1890: The First Big Data Problem
Back in 1890 when the US government decided to perform a national census, the poor clerks at the Bureau responsible were faced with the unenviable task of counting more than 60 million souls in the country by means of laboriously transferring data from schedules to record sheets by the slow and heartbreaking method of hand tallying.
Horrified at the prospect, Herman Hollerith came to the rescue with his novel new Pantograph tabulating machine, modeled on train conductor’s habit of punching holes into tickets to denote physical features and thus prevent fraud. Hollerith’s idea was a simple punch card which held the data of Census respondents and could be read in seconds by his electrical tabulating machine. There’s little doubt that Hollerith’s invention was a defining moment in the history of data processing, one that symbolized the beginning of the mechanized data collecting age – Hollerith’s machines successfully tabulated no less than 62,622,250 people in the US, saving the Census Bureau some $5 million and cutting the Census completion time down from ten years to less than 24 months.
1965: First Data Center is Conceived
Data didn’t really become data until it had a base that it could safely reside in – a database to be exact. In 1965, faced with the growing problem of where to keep more than 742 million tax returns and 175 million sets of fingerprints, the US government decided that its data needed a smaller home, and began to study the feasibility of transferring all of those records to magnetic computer tape and storing it all on one big computer.
While the plan was later dropped amid privacy concerns, it would later be remembered as one that heralded the dawn of the electronic data storage era – nudging all of those pen-pushing office clerks into oblivion once and for all.
1989: The World Wide Web is Born
Tim Berners-Lee’s proposal to leverage the internet proved to be a game-changer in the way we share and search for information.

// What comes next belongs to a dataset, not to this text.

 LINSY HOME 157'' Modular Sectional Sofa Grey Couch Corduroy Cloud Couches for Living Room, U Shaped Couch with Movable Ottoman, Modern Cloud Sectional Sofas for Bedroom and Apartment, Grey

The British computer scientist probably had little idea of the immense impact that facilitating the spread of information via ‘hypertext’ would have on the world, yet he all the same he was remarkably confident of its success:
“The information contained would grow past a critical threshold, so that the usefulness [of] the scheme would in turn encourage its increased use,” he wrote at the time.
1997-2001: Big Data is Defined
In their paper titled Application-controlled demand paging for out-of-core visualization, Michael Cox and David Ellsworth are among the first to acknowledge the problems that big data will present as information overload continues on its relentless path:
“Visualization provides an interesting challenge for computer systems: data sets are generally quite large, taxing the capacities of main memory, local disk, and even remote disk. We call this the problem of big data. When data sets do not fit in main memory (in core), or when they do not fit even on local disk, the most common solution is to acquire more resources.”
Cox and Ellesworth’s use of the term “big data” is generally accepted as the first time anyone has done so, although the honor of actually defining the term must go to one Doug Laney, who in 2001 described it as being a “3-dimensional data challenge of increasing data volume, velocity and variety”, a definition that has since become almost ubiquitous among industry experts today.
2004: Enter Hadoop
Having dealt with big data problems, invented servers, developed a method of sharing data, and defined exactly what it is – all that was left was to come up with some kind of tool that could help us actually understand our big data.
Enter Hadoop, the free and open-source software program, named after a toy elephant, which has rapidly become one of the world’s most popular websites. In the last eight years, Hadoop has become so big that it controls entire search engines, determining everything from which ads they show us, to which long-lost friends Facebook pulls out the hat, and even the stories you see on your Yahoo homepage.
The creation of Hadoop marks big data’s biggest milestone yet. It’s an innovation that’s changed the face of big data forever, and with it the lives of everyone on the planet. Hadoop provides a solution that anyone can use – from players like Google and IBM, to even the smallest of internet marketers – giving everyone the chance to profit from the most enigmatic phenomena of our time.